Venne il tempo duro della conquista della lingua. Indicavamo con il dito puntato quello che volevamo, acquistando a volte, per timore di contraddire il negoziante, cibi che non conoscevamo. Scoprimmo le mele asprigne e il radicchio amaro come l’esilio. Imparammo con pazienza a nominare ogni cosa, a fare dialoghi cantilenanti, a sibilare l’esse in modo insospettabile.
Così, con gli anni e la pazienza, venne il tempo del mimetismo. Loro non saranno mai come noi. Noi siamo anche come loro. Solo ci rimane piantata nel cuore la freccia acuminata della nostalgia. Sempre nella nostra vita cammineremo su un doppio binario, con un piede ben saldo su questa riva e l’altro conficcato in quell’altra. È come una pena segreta che nessuno capirà, nemmeno i nostri figli.

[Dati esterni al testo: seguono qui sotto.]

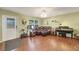 Inviting living room with laminate flooring, comfortable seating, and abundant natural light streaming through the windows at 9158 Snapper Cir, Port Charlotte, FL 33981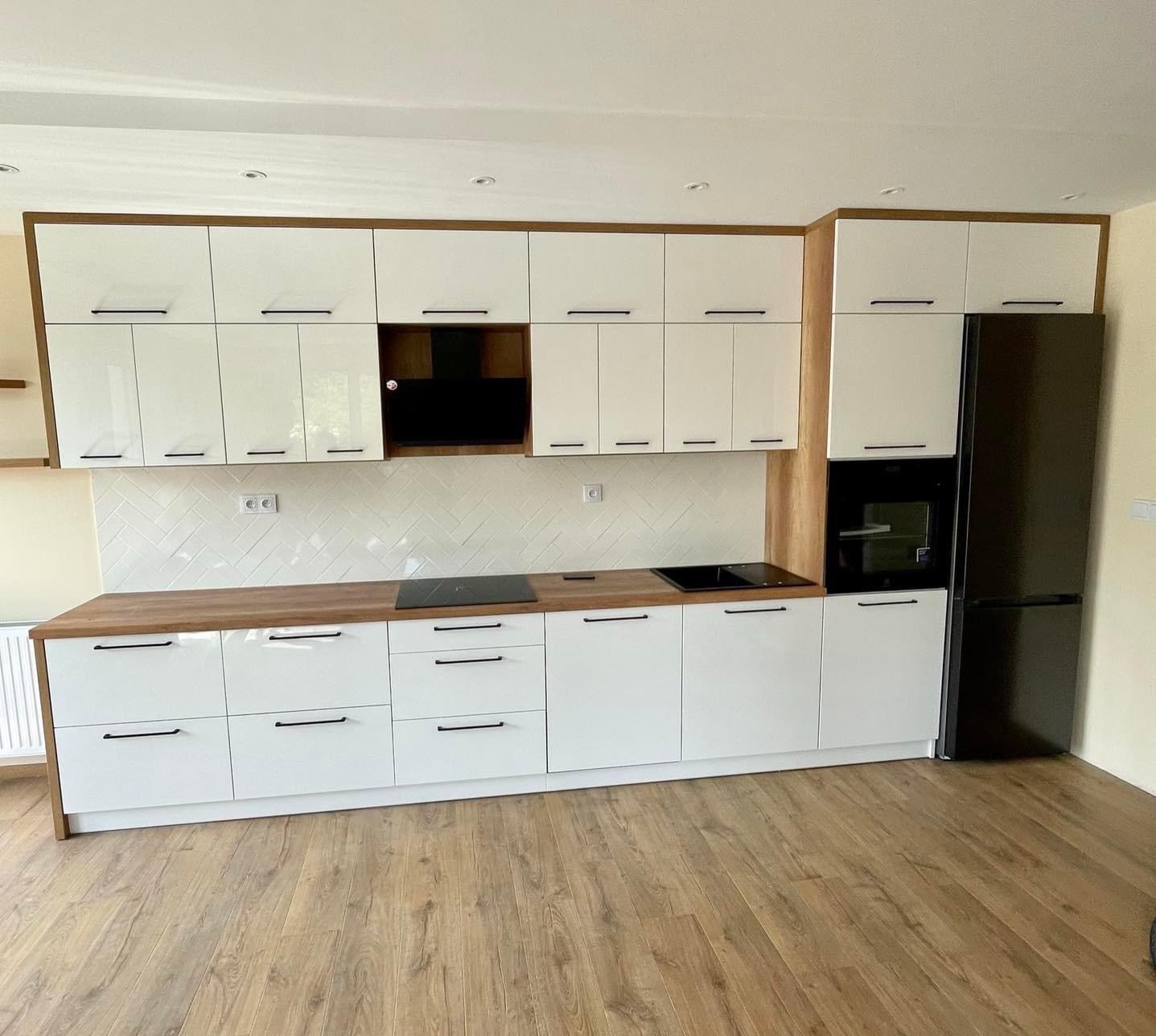 Nowoczesna, biała kuchnia z drewnianym blatem i czarnymi uchwytami, wykończona płytkami ułożonymi w jodełkę na ścianie i drewnianą podłogą.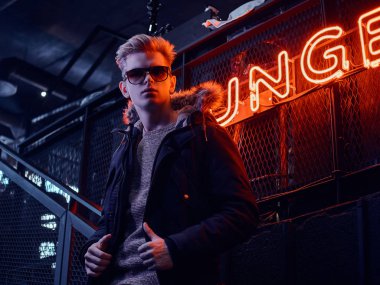 Kürk başlık ve yeraltı gece kulübü için merdiven, arka plan arkadan aydınlatmalı tabela Instalar güneş gözlüğü takan paltoyla kendine güvenen genç bir adam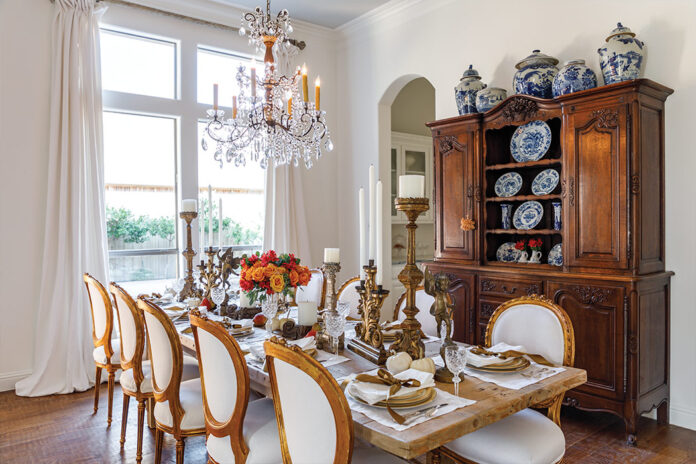 Kristie Shelton’s dining room features a large wooden table set for a harvest meal and adorned with pumpkin-colored roses. Floor-to-ceiling windows and a bespoke chandelier brighten this often-used room.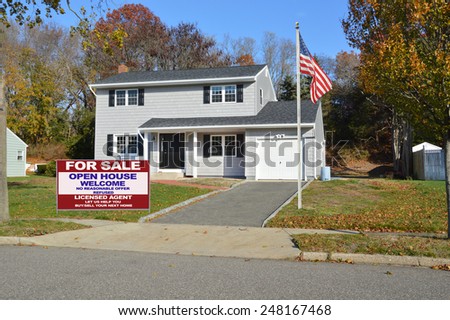 American flag pole Real estate for sale open house welcome sign Suburban Gray High Ranch home autumn day residential neighborhood clear blue sky day USA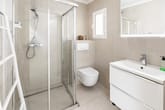 Innenansicht modernes Badezimmer mit bodengleicher Glasdusche wandhängendem WC und LED-beleuchtetem Spiegel
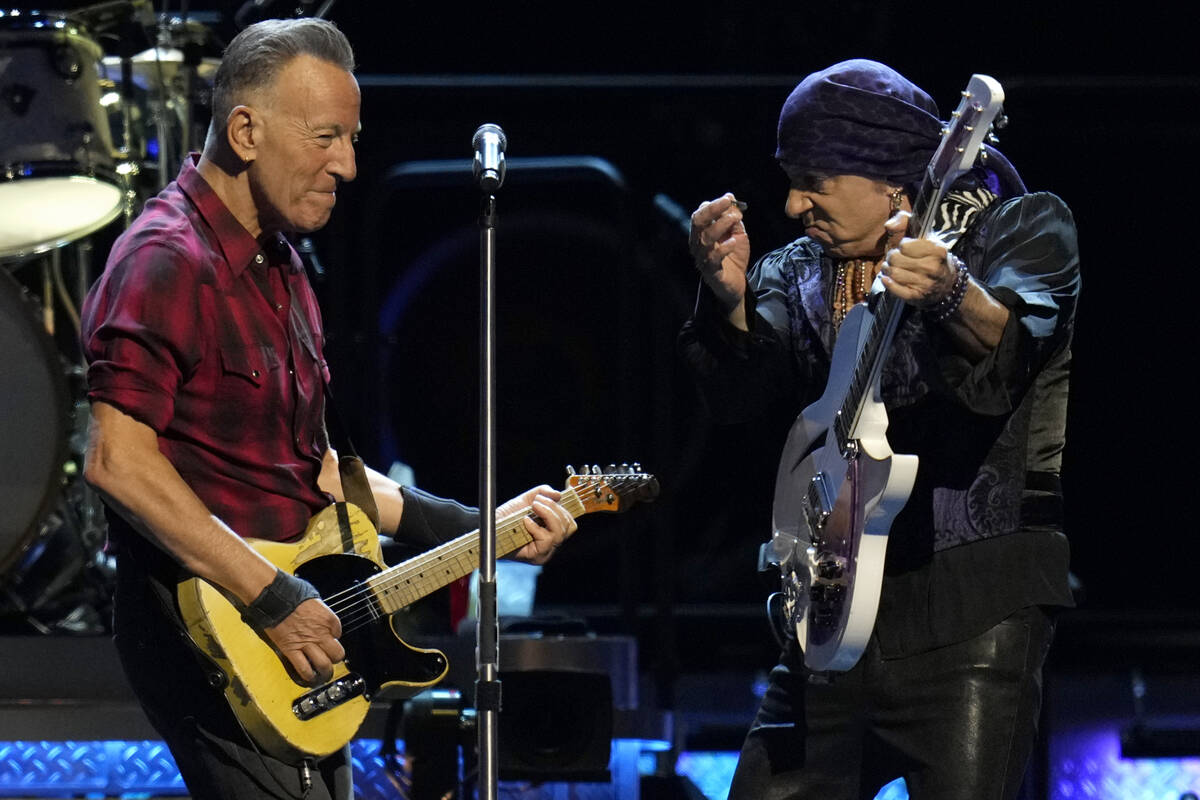 Bruce Springsteen, left, and Stevie Van Zandt, right, play their guitars on stage during his co ...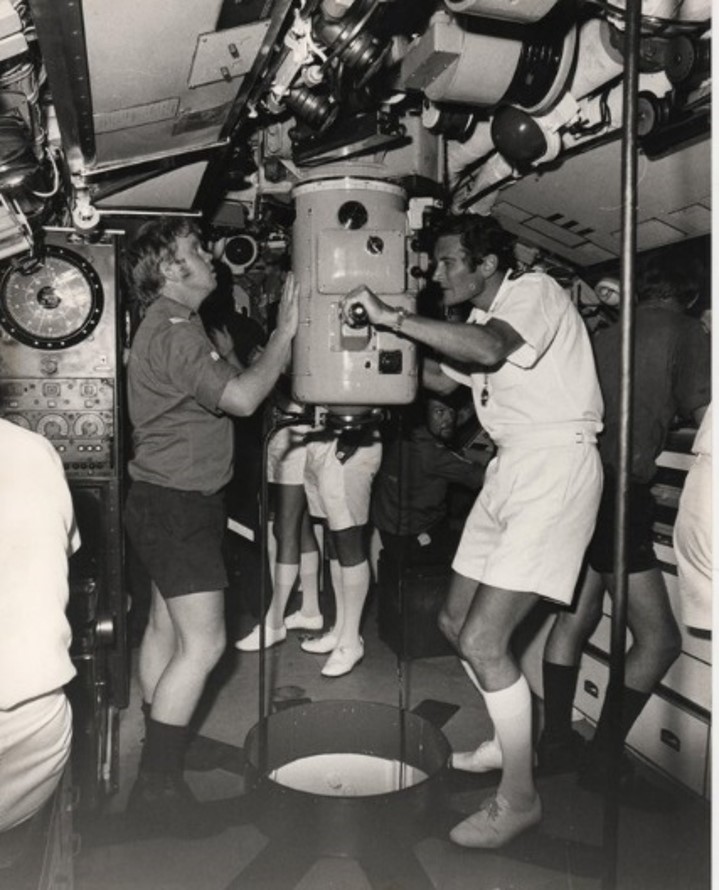 Two submarine crew dressed for a hot environment either side of a periscope. One is looking into the eyepiece.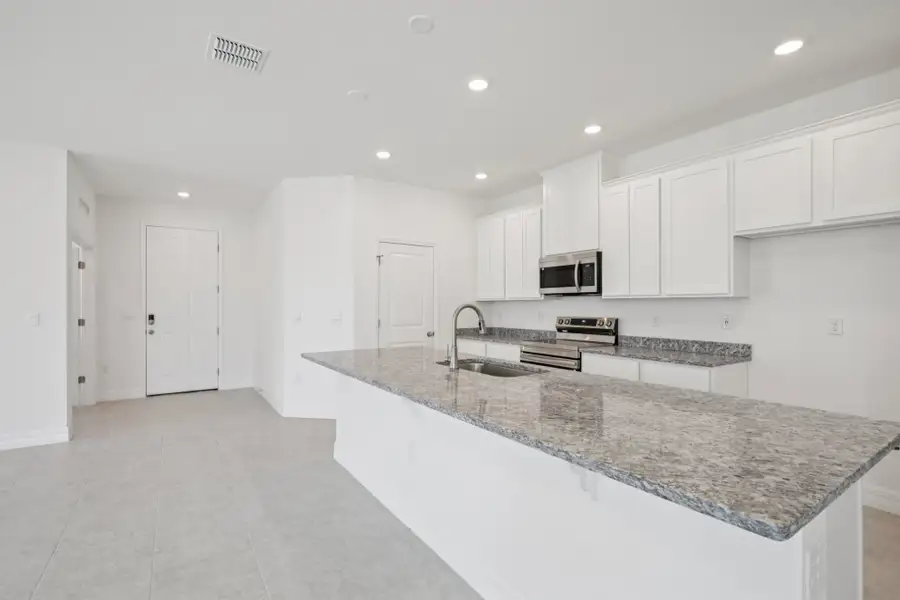 Representative furnished interior of a home built from the Melody by Maronda Homes in Port St. John, Cocoa (Image 9).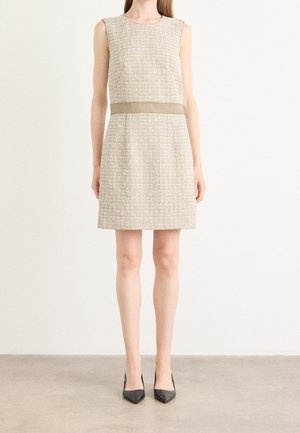 Vrouw draagt een mouwloze beige textuur jurk tot op de knie met een horizontale band in de taille en zwarte puntige hoge hakken.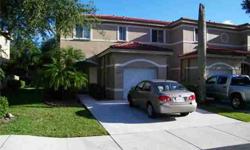 Lovely three bedroom townhome in a small, safe enclave of newer townhomes. Property has a lovely deck and an open floor plan. This townhome is just minutes to the NSU and Broward College. Rental income potential of approx $1,500 per month. End unit. Easy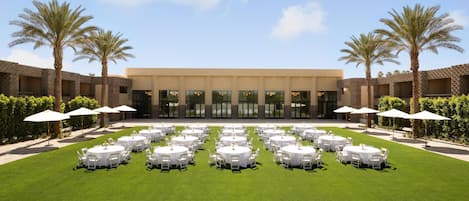 A hotel courtyard with multiple round tables set up for dining, surrounded by palm trees and a building with large windows.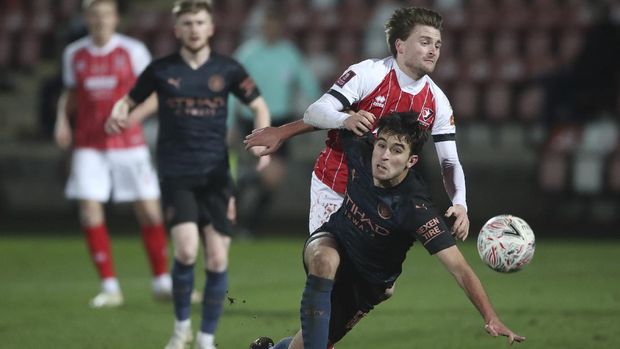 Cheltenham Town's Alfie May, collides with Manchester City's Eric Garcia who falls during the English FA Cup fourth round soccer match between Cheltenham Town and Manchester City at the Jonny-Rocks stadium in Cheltenham, England Saturday, Jan. 23, 2021. (Nick Potts /Pool via AP)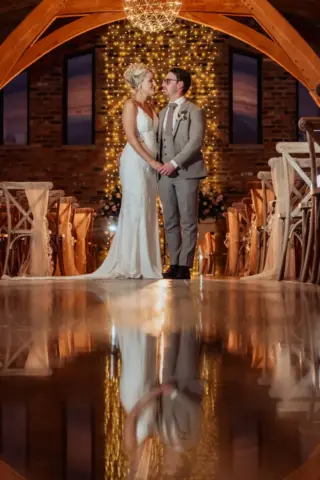 A bride and groom stand holding hands in a warmly lit aisle at Oakwood at Ryther, decorated with fairy lights and wooden arches, their reflection visible on the polished floor beneath them—capturing the magic of a Yorkshire wedding.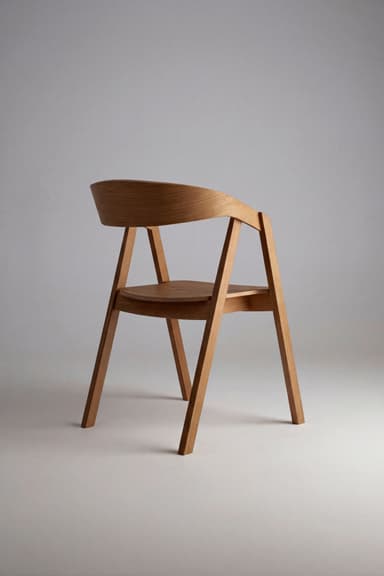 A modern armchair constructed from light-toned wood, featuring a curved backrest that flows into integrated armrests. The seat is an upholstered pad covered in a light grey textured fabric. — 3D model
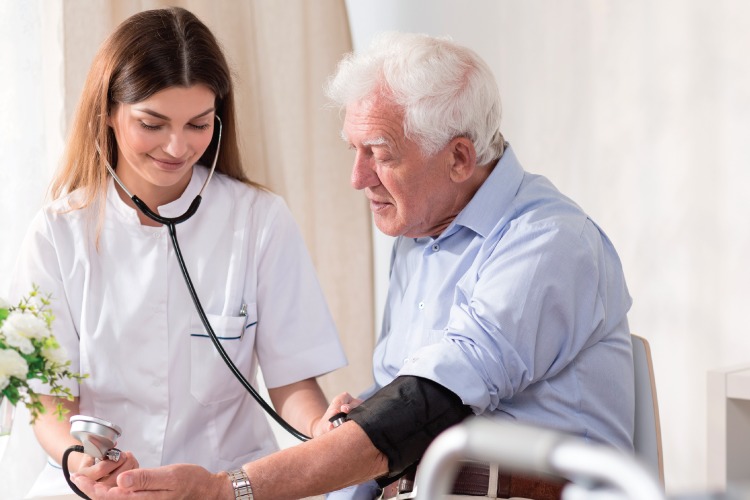 Skilled Nursing Man having his blood pressure checked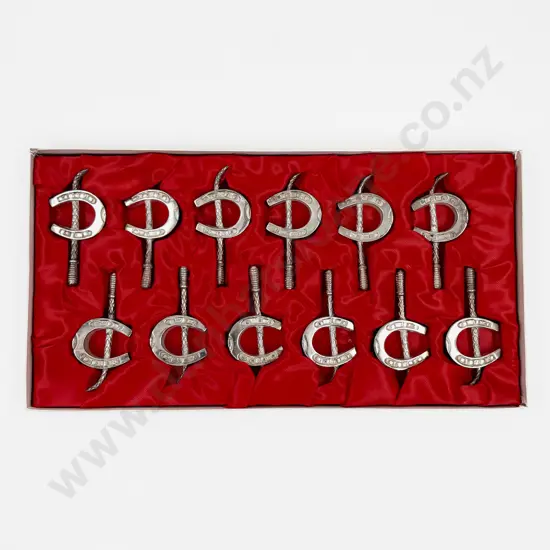 Cased Set of Twelve Horseshoe-Shaped Chopstick Rests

Forse hanno ragione quelli che dicono: «Noi e loro, non è la stessa cosa.» Hanno ragione, non è la stessa cosa. Abbiamo la pelle bianca e nessuno può spararci a vista.

 

L’autrice di questo contributo è Marinette Pendola. Nata a Tunisi da genitori di origine siciliana, docente di lingua e letteratura francese, vive a Bologna e fa parte del gruppo di lavoro “Progetto della memoria” istituito dall’ambasciata italiana a Tunisi negli anni Novanta, cui sono legate numerose pubblicazioni, tra cui “L’alimentazione degli italiani di Tunisia” (Tunisi, Finzi, 2005), “Gli Italiani di Tunisia. Storia di una comunità” (Editoriale Umbra, 2007). I suoi studi hanno ispirato anche “La riva lontana” (Sellerio, 2000), romanzo autobiografico che ripercorre l’infanzia tunisina nel periodo coloniale. Per Arkadia Editore ha pubblicato i romanzi “La traversata del deserto” (2014) e “L’erba di vento” (2016).